▸ **PROVIDED RECORDS**
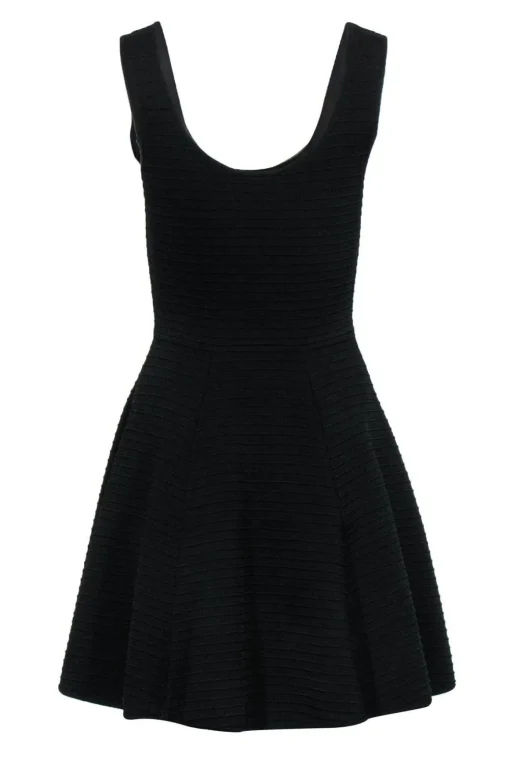 Sonia by Sonia Rykiel - Black Ribbed A-Line Scoop Neck Dress Sz S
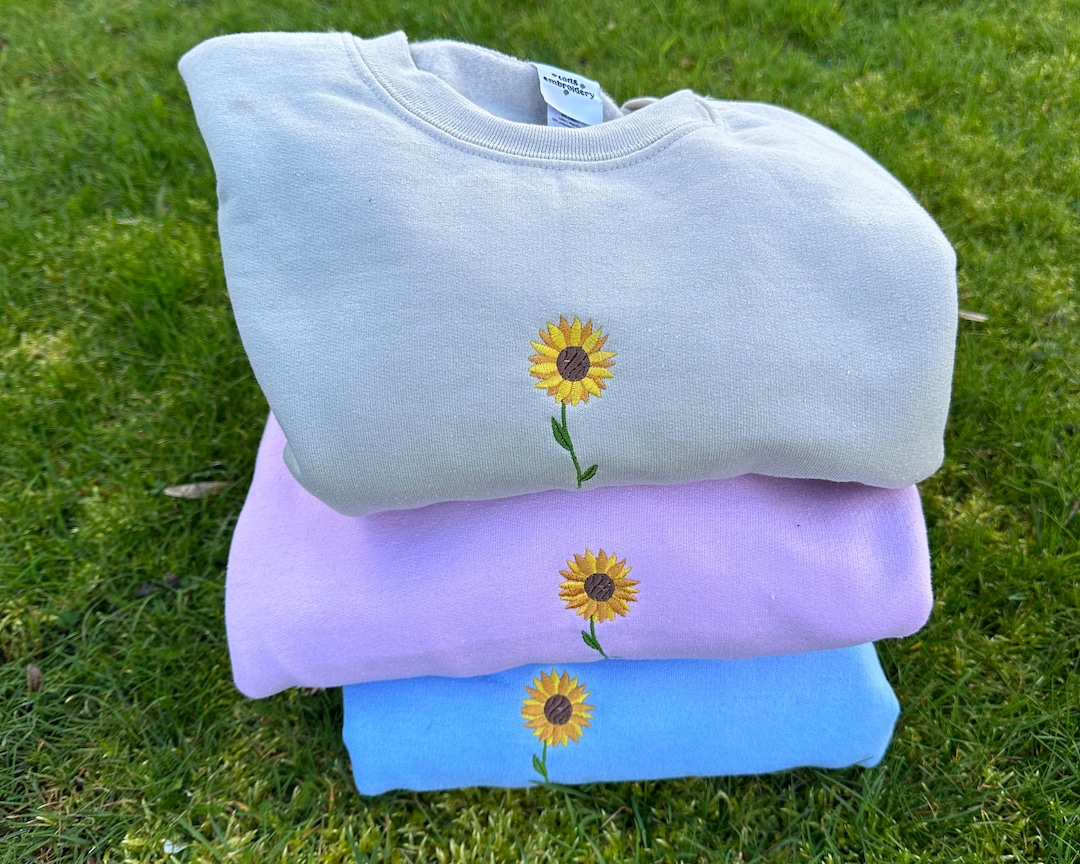 Beautiful Embroidered Sunflower Sweatshirt Cosy Gift Ideas Etsy
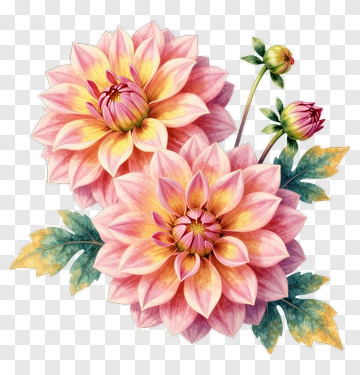 Colorful Dahlia Flowers PNG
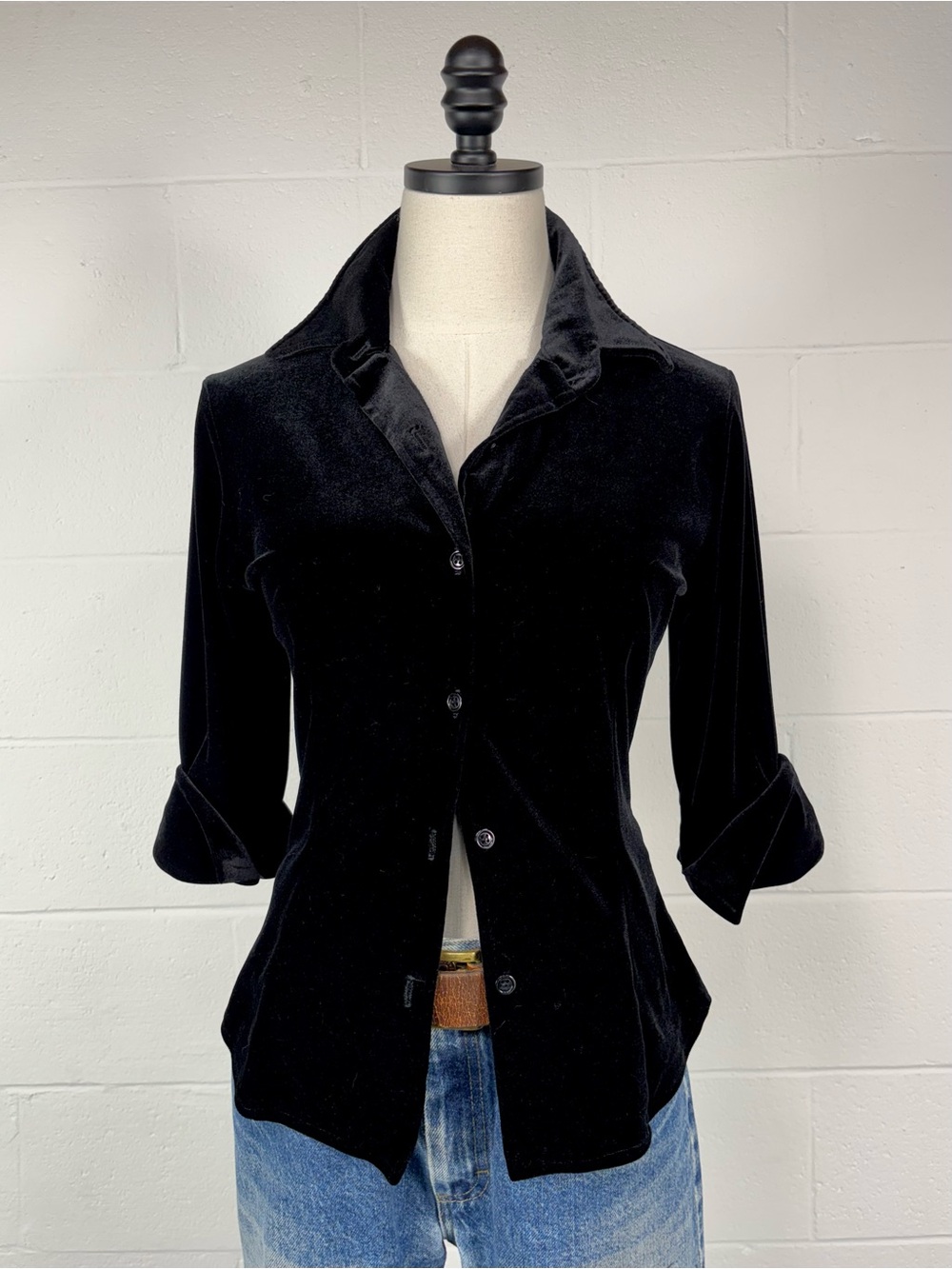Vintage 90s Black Stretch Velour Velvet Button Up Shirt Minimalist Gothic Small
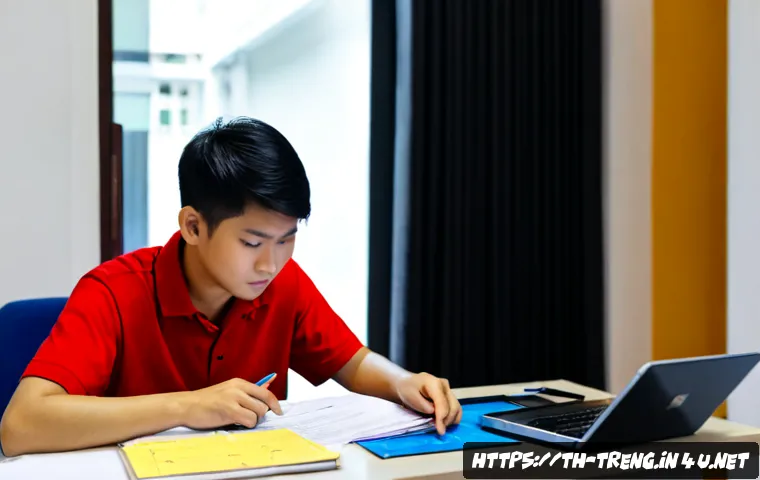 Home 30 무역영어 실기시험 대비 주요 참고 자료와 사례 - Photorealistic Thai university student preparing for an international trade practical exam at a clea...
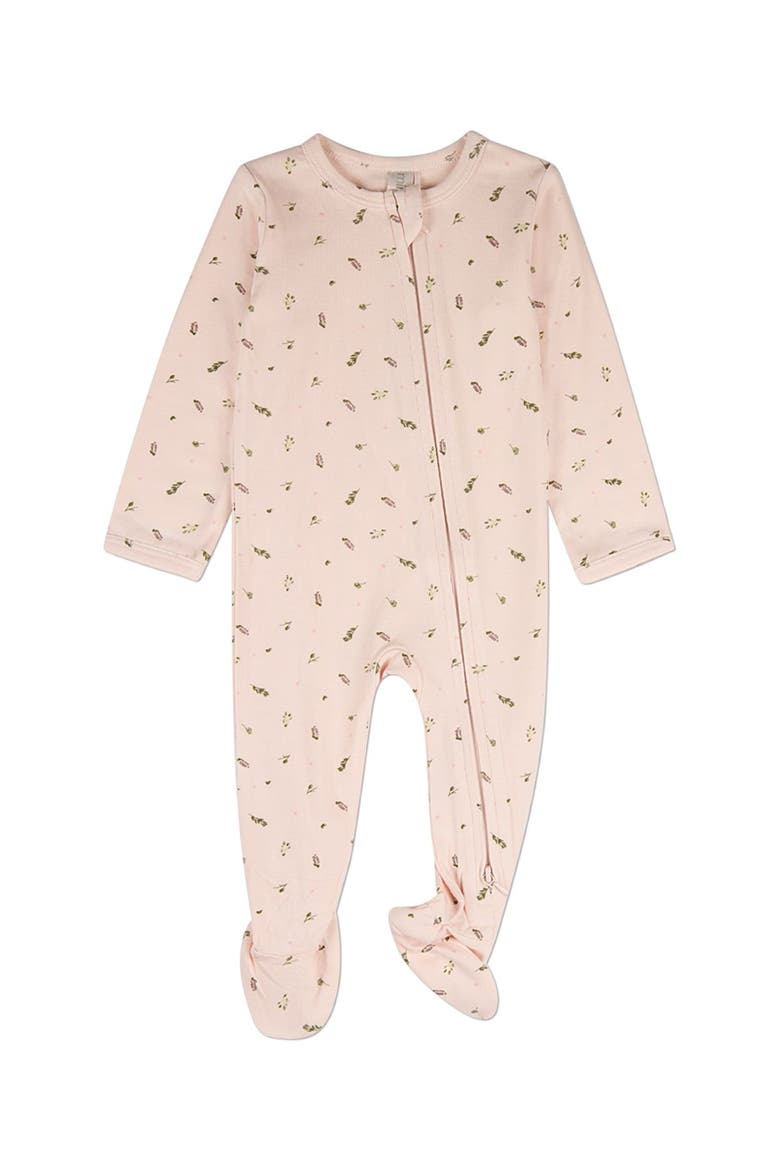 Baby Tiny Leaves Front-Zip Footie, Main, color, Barely Pink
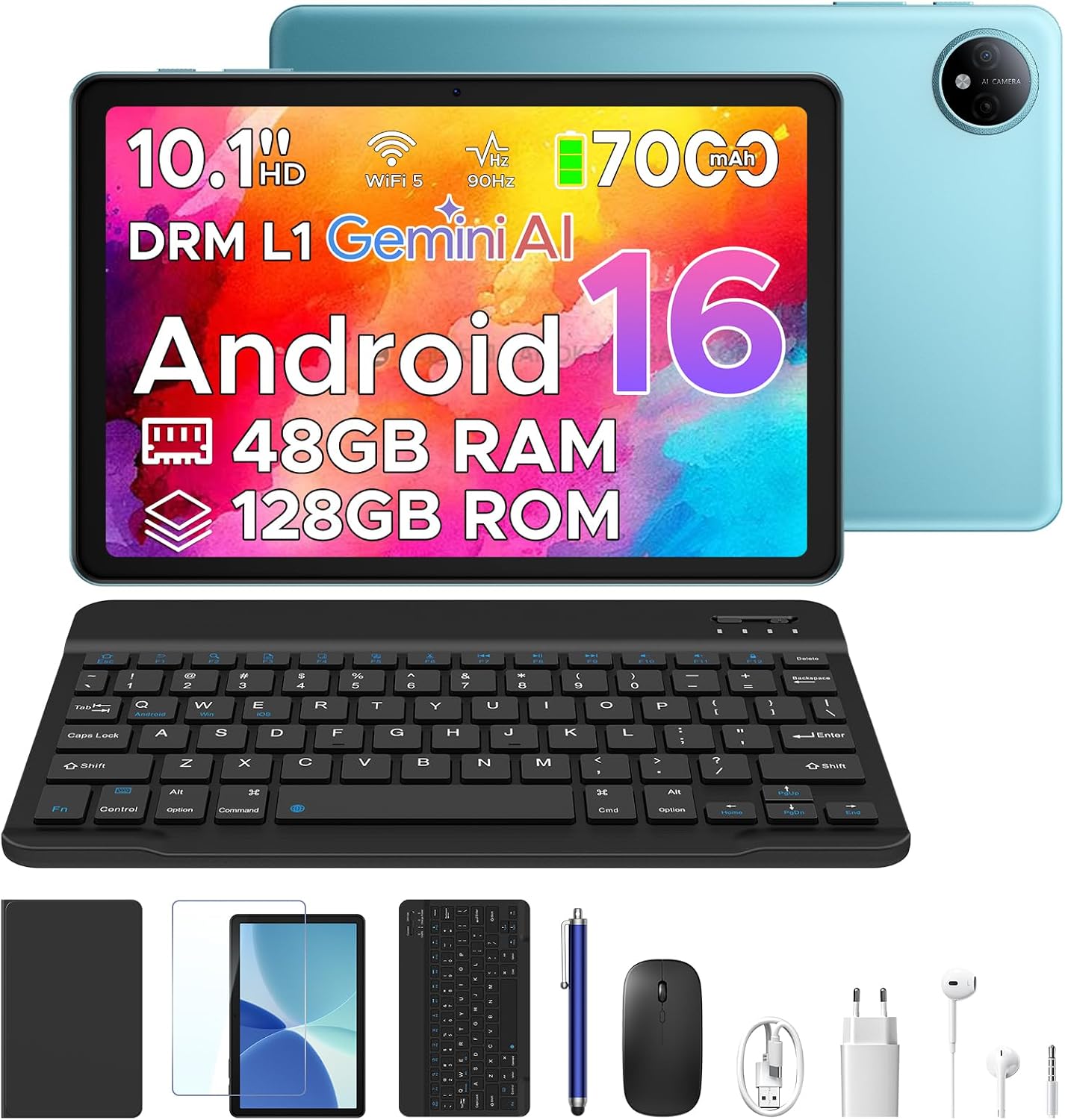 POPUX P10 Tablets Android, Tablet 10 Pulgadas, Tablet Android 16 con Gemini AI, 48GB RAM+128GB ROM, T310 CPU, 7000mAh, 8MP+5MP, 90Hz, Widevine L1, Bluetooth 5.0, Tablet con Teclado, Azul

▸ **PROBLEM DETAILS**
In your copy, omit the pictures and restate every line of the data word for word.

▸ **TASK ANSWER**
 Sonia by Sonia Rykiel - Black Ribbed A-Line Scoop Neck Dress Sz S
 Beautiful Embroidered Sunflower Sweatshirt Cosy Gift Ideas Etsy
 Colorful Dahlia Flowers PNG
Vintage 90s Black Stretch Velour Velvet Button Up Shirt Minimalist Gothic Small
 Home 30 무역영어 실기시험 대비 주요 참고 자료와 사례 - Photorealistic Thai university student preparing for an international trade practical exam at a clea...
 Baby Tiny Leaves Front-Zip Footie, Main, color, Barely Pink
 POPUX P10 Tablets Android, Tablet 10 Pulgadas, Tablet Android 16 con Gemini AI, 48GB RAM+128GB ROM, T310 CPU, 7000mAh, 8MP+5MP, 90Hz, Widevine L1, Bluetooth 5.0, Tablet con Teclado, Azul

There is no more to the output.